Dolly Partom (Photo by By Curtis Hilbun, My News Desk)
Drag is art, not grooming, experts say
KIMBERLEE KRUESI and JEFF McMILLAN
NASHVILLE, Tenn. — “If I hadn’t been a girl, I’d have been a drag queen.”
Dolly Parton has uttered those words famously and often. But if she really were a drag queen, one of Tennessee’s most famous daughters would likely be out of a job under legislation signed into law by Republican Gov. Bill Lee on March 2. Lee signed off on the legislation without issuing a statement or having a public ceremony. The bill goes into effect July 1.

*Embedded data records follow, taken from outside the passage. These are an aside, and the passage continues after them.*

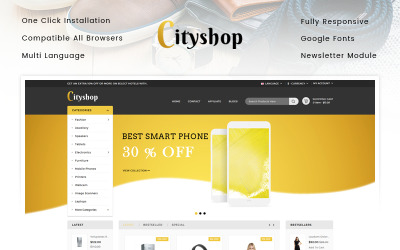 Plantilla OpenCart "Cityshop - Multipurpose Store" #96096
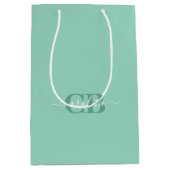 Zachte Turquoise Monogram Gift Bag Medium Cadeauzakje (Voorkant)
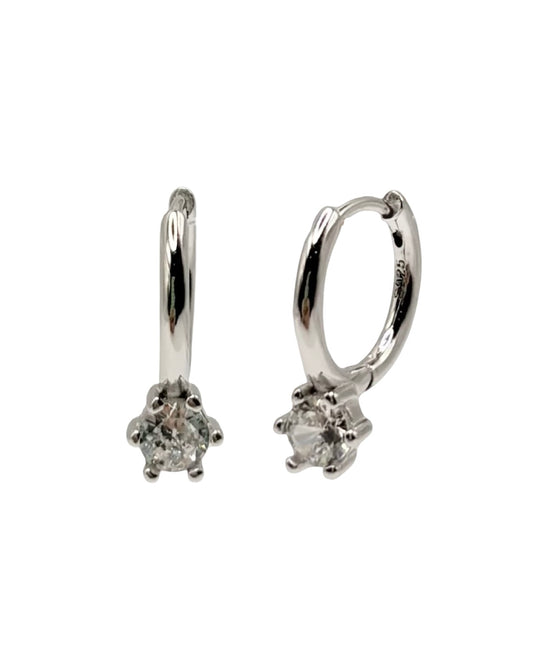 Silver Round Cubic Zirconia Drop Huggie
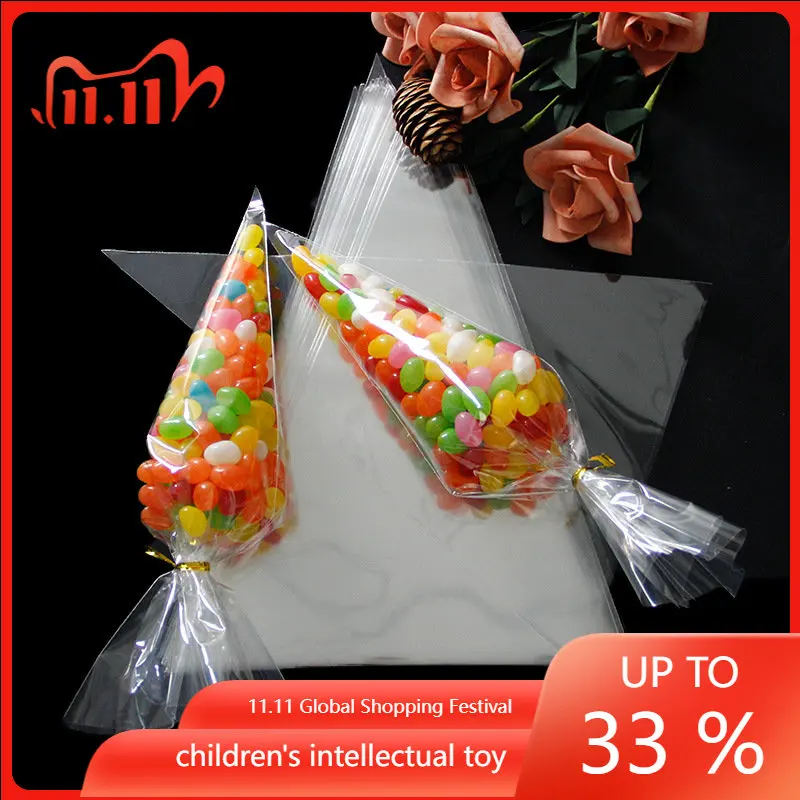 

100pcs/Lot DIY Candy Bag Wedding Favors Birthday Party Decoration Sweet Cellophane Transparent Cone Storage With Organza Pouches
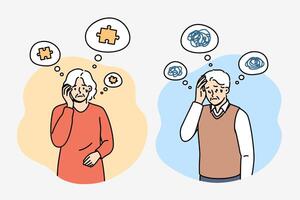 Problem of alzheimer and dementia in older people who experience memory loss or chaos in heads vector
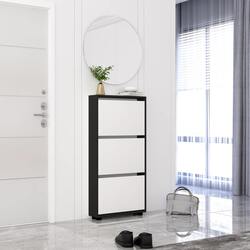 Tumba pentru incaltaminte Mobildor Leo Slim 90x16x125cm (Anthracite/White)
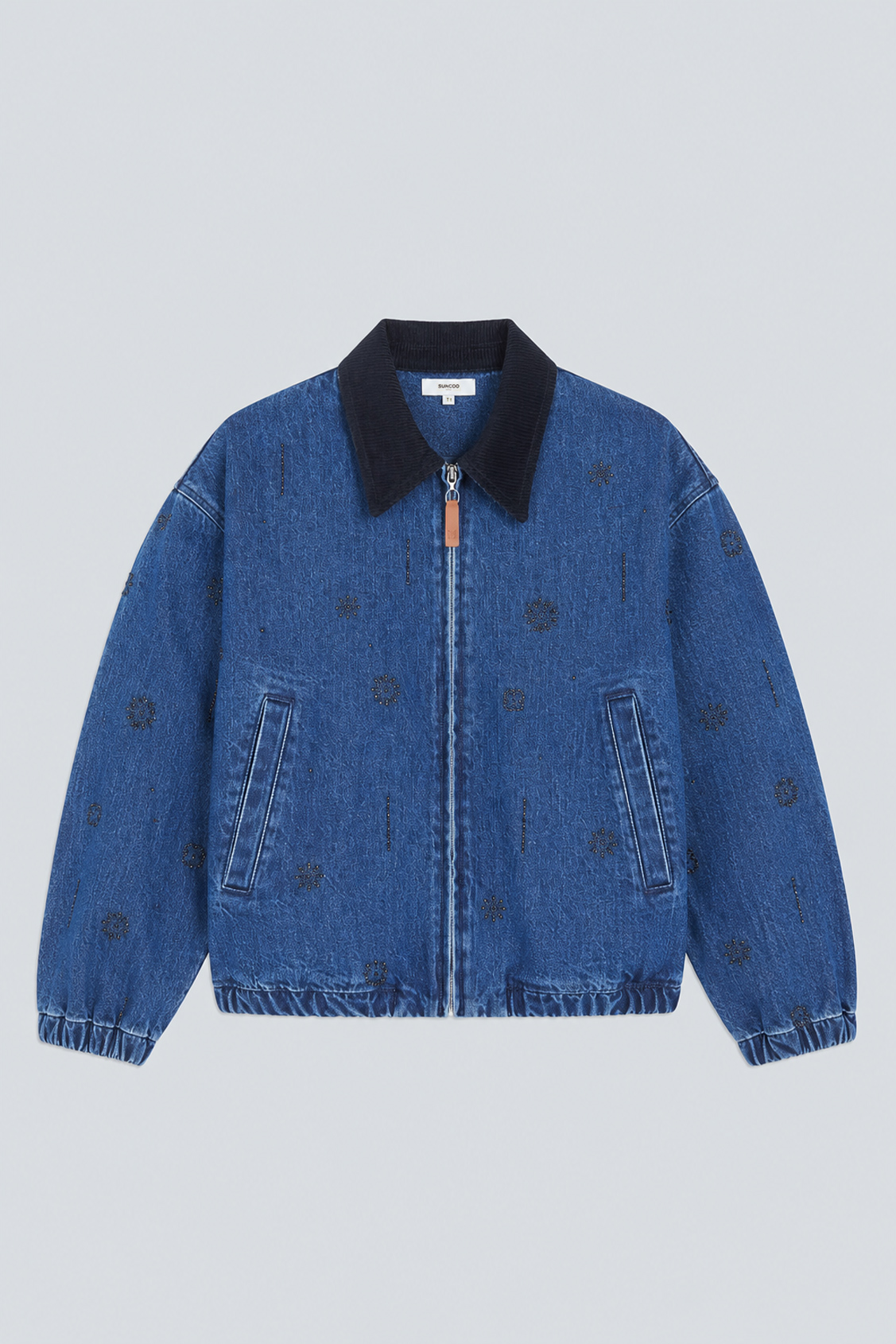 DEVON Denim jacket with black rhinestone details BLUE JEANS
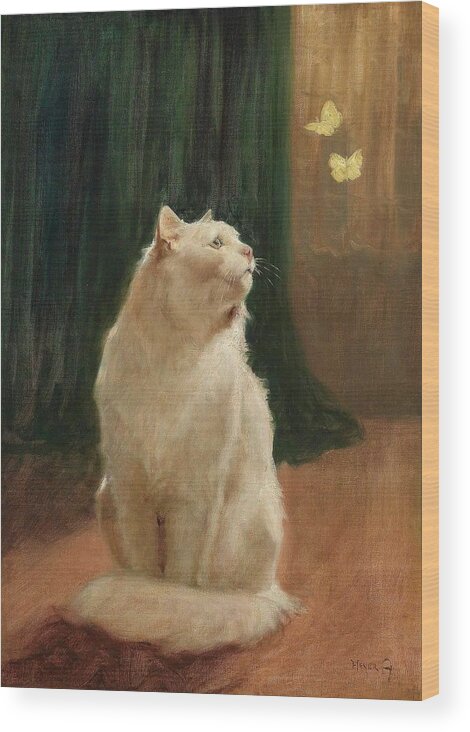 Arthur Heyer (1872-1931) Wood Print featuring the painting Cat And Butterflies by Arthur Heyer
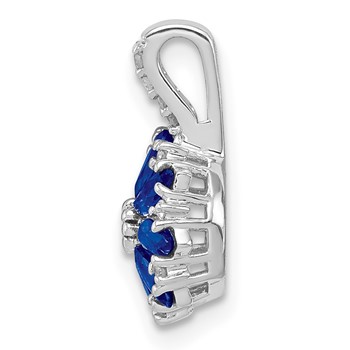 Sterling Silver Rhodium Plated Diamond & Sapphire Pendant — alternate view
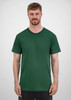 A short sleeve tee in dark green, featuring a classic crew neck design and a brand logo.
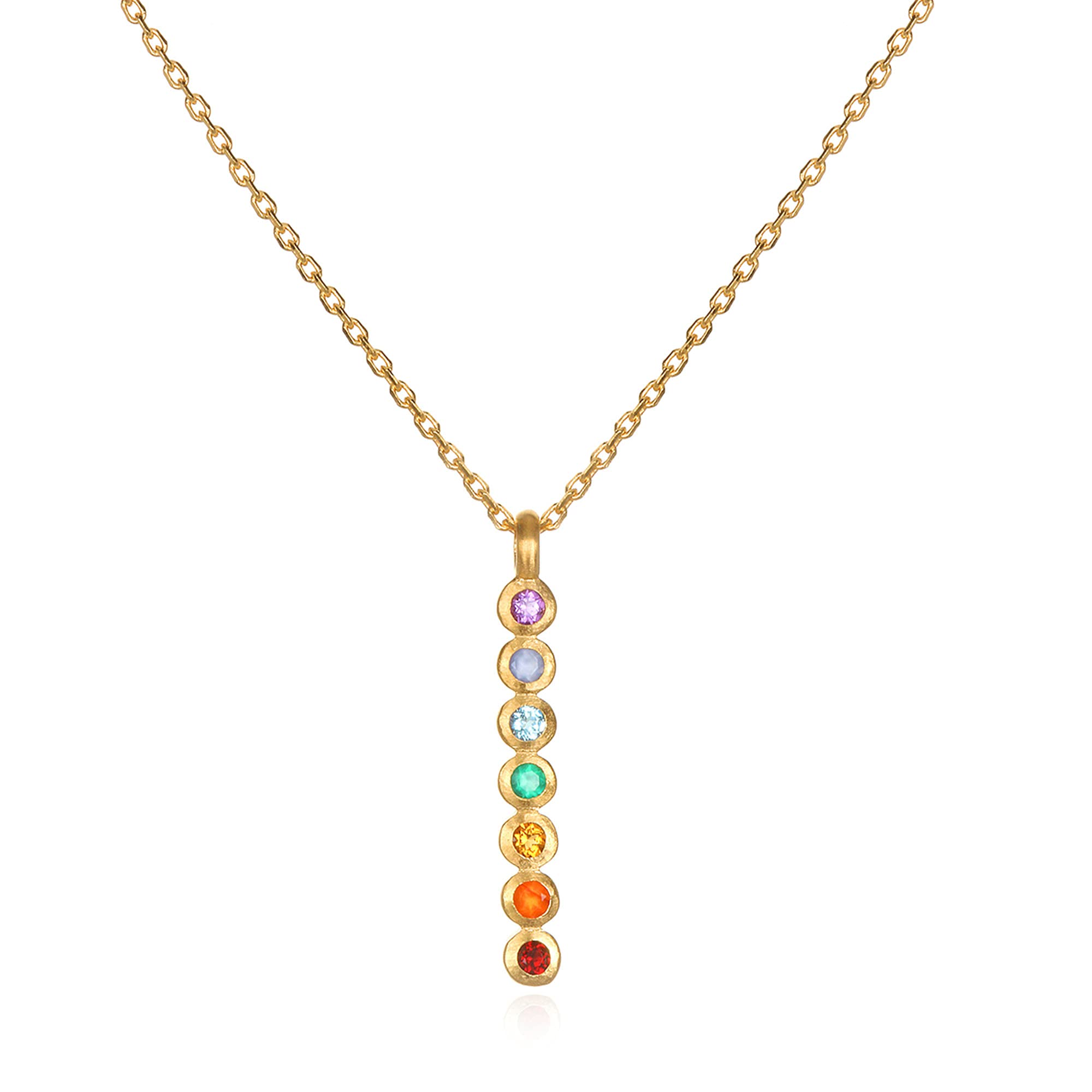 Satya Jewelry 18K Yellow Gold Plated Multi Stone Chakra Stick Pendant Women's Necklace, 18" with 2" Extension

Across the country, conservative activists and politicians complain that drag contributes to the “sexualization” or “grooming” of children. Several states are considering restrictions, but none has acted as fast as Tennessee. The efforts seek to extinguish popular “ drag story hours “ at which queens read to kids. Organizers of LGBTQ Pride events say they put a chill on their parades. And advocates note that the bills, pushed largely by Republicans, burden businesses in an un-Republican fashion.
The protestations have arisen fairly suddenly around a form of entertainment that has long had a place on the mainstream American stage.
Milton Berle, “Mr. Television” himself, was appearing in drag on the public airwaves as early as the 1950s on Texaco Star Theater.
“Drag is not a threat to anyone. It makes no sense to be criminalizing or vilifying drag in 2023,” said Lawrence La Fountain-Stokes, a professor of culture and gender studies at the University of Michigan and author of Translocas: The Politics of Puerto Rican Drag and Trans Performance.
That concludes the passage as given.